Several consultants said this could prove to be quite a problem politically when the time comes to begin televising the kind of hard-hitting negative advertisements that have become standard campaign fare. As a rule, those ads at present tend to reduce the role of the candidate to a small line at the bottom of a screen.

"I think it was a total surprise to people who don't read C.Q. with a yellow pen," said Bill Knapp, a Democratic media consultant, referring to Congressional Quarterly, which keeps close tabs on legislative maneuverings here.

So now, candidates for public office will be forced by the eeevil forces of state regulation, yes forced, to associate themselves with their own disreputable slurs. Poor babies.

Wednesday, February 19, 2003

So, $32 billion isn't enough for the Turks. Think they might be holding out for something else?

A few days ago, I was wondering towards the end of a blog entry how close the "safe zone" that the Turks were negotiating for themselves in Northern Iraq was going to be to the oil fields. Well, surprise, surprise:

...an administration official said other issues were in contention in negotiating with the Turks — namely, the future of the Turkish military presence in northern Iraq and the Turkish desire for some oil concession at Kirkuk in Iraq.

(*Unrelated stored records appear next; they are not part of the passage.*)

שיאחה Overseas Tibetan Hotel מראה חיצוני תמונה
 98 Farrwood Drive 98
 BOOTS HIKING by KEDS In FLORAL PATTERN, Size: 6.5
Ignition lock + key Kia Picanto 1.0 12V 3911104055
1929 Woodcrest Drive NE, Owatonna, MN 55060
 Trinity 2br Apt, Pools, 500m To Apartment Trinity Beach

"The Turks want to control the operation at Kirkuk, at a minimum through a pipeline," the official said. "That's in a way a better deal for them than American aid."

How this will change the administration's plans to have Iraq pay for its own reconstruction from oil revenue is left as an exercise for the interested reader...

More data: Sean-Paul Kelly has posted some useful maps of Iraq. The oil fields are the second on the page; scroll down, and take note that Kirkuk is in the middle of the largest...

And yet more: It is maddeningly difficult to find a map which depicts the borders of the current Kurdish Autonomous Zone, in part because they're somewhat... fluid. Here's one, however, which tries; note that Kirkuk is actually to the south of it, under control of the Iraqi government, as numerous other sources confirm. In order to take control of it, the Turkish troops would have to go all the way through the Kurdish Autonomous Zone, and come out the other end. With American support. So much for American support of indigenous self-government on Iraqi soil...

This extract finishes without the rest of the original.